→ Web page caption snippets:
· · · · ·

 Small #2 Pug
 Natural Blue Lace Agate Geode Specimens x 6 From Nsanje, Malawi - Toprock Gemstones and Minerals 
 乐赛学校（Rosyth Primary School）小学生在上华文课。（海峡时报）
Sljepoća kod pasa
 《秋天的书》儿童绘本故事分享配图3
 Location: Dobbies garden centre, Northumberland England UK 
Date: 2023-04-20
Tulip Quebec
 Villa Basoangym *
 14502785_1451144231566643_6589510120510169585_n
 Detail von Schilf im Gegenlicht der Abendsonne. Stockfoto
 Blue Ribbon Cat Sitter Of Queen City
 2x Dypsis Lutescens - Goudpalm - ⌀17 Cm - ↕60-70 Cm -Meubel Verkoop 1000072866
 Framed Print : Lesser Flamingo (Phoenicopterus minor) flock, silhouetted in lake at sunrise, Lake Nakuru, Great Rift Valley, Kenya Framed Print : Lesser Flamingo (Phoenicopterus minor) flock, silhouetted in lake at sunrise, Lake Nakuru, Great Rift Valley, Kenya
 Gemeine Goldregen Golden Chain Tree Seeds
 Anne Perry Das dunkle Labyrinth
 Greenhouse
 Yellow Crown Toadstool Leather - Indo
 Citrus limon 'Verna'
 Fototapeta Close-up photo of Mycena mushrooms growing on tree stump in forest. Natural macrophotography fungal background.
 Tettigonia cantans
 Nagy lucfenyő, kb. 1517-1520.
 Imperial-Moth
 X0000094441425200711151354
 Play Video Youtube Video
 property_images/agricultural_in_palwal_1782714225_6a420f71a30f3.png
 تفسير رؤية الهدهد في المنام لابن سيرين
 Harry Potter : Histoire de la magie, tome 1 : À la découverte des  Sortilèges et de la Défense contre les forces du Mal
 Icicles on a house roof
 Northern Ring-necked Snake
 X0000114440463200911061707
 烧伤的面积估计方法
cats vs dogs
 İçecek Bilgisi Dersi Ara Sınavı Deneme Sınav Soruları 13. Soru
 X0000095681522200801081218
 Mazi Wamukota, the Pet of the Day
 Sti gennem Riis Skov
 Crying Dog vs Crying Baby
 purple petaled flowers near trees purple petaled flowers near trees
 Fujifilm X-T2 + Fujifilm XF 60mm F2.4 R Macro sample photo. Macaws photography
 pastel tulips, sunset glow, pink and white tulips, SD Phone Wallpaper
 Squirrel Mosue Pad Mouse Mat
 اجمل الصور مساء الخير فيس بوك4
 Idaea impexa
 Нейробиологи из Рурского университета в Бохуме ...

· · · · ·

→ Assigned task:
Repeat only the lines running from the line that contains "purple petaled flowers near trees purple" through the last line above, inclusive.

→ Solution to this problem:
 purple petaled flowers near trees purple petaled flowers near trees
 Fujifilm X-T2 + Fujifilm XF 60mm F2.4 R Macro sample photo. Macaws photography
 pastel tulips, sunset glow, pink and white tulips, SD Phone Wallpaper
 Squirrel Mosue Pad Mouse Mat
 اجمل الصور مساء الخير فيس بوك4
 Idaea impexa
 Нейробиологи из Рурского университета в Бохуме ...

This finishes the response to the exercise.